In 1997, U2, at the time one of the most successful bands on the planet, released “Pop,” an album so misunderstood that it was mistaken for failure instead of deliberate risk. After pushing boundaries and once again reaching worldwide acclaim with their previous albums “Achtung Baby” and “Zooropa,” the band was in an era of reinventing themselves and “Pop” was the final jewel in the crown.
But unlike their previous success, “Pop” was plagued with difficulties from the very beginning. Sonically, unlike its predecessors the band now experimented with elements of dance and electronica. Built around programmed drum loops, distorted baselines and heavy studio manipulation, this sound pushed U2’s sound closer to late 90s club culture rather than stadium rock. A move that alienated portions of their audience, while confusing critics unable to categorize the record. Songs like “Discoteque” and “Mofo” focused on rhythm and sound rather than traditional song structure, embracing irony and repetitiveness. What many saw as a lack of focus was just a way of rejecting comfort and familiarity.
Combined with the album’s rushed release, and their conjoined “PopMart” tour already booked ahead of time, the band’s vision for the album was not able to be fully executed.
“‘Pop’ never had the chance to be properly finished. It is really the most expensive demo session in the history of music,” frontman Paul Hewson (Bono) said in his memoir “Surrender: 40 Songs, One Story.”

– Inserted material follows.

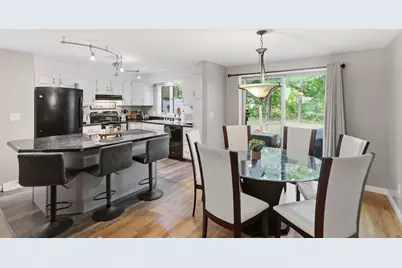 18 Mansion Woods Dr #C, Agawam, MA 01001 - Photo 11
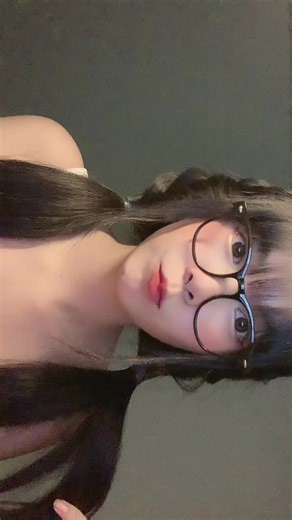 Hairstyle Demonstration: Elegant Pigtails Tutorial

But this acknowledgement has long been used to undermine “Pop” as a failure or discredit the whole album as simply a “low point” in the band’s history. The public’s negative perception poured past the album and into the album’s PopMart Tour, from which the band announced from the lingerie section of a Kmart, seemingly making fun of themselves and how “commercial” the band had become. This was reflected onto the stage itself, the band played under a 100-foot-tall golden arch, and for their encores they would come out one by one from a spinning 40-foot-tall mirrorball lemon. A spectacle that was widely mocked at the time but now reads as visionary, “PopMart” was not just the result of a band with too much money and no boundaries, it was satire. Bono later admitted the band were knowingly playing with scale and absurdity, even joking about “four Irish guys walking out of a giant lemon,” fully aware of how confrontational the image was.
“Pop” marked the last moment when U2 presented themselves as untouchable, ironic rockstars rather than emotional architects of comfort rather than confrontation. The “PopMart” era showed they were not scared to toy with their image and sound no matter what critics threw at them. After Pop U2 returned to safer territory with their album “All That You Can’t Leave Behind.” A move that ultimately worked well and restored their universal appeal. But that success came with a shift in posture. The irony was dropped, the scale pulled back and the sense of danger kept in check. “Pop” stands as the last time U2 fully leaned into risk and confrontation without a backup plan. It was not their cleanest or safest record, but it was the last moment they felt unpredictable.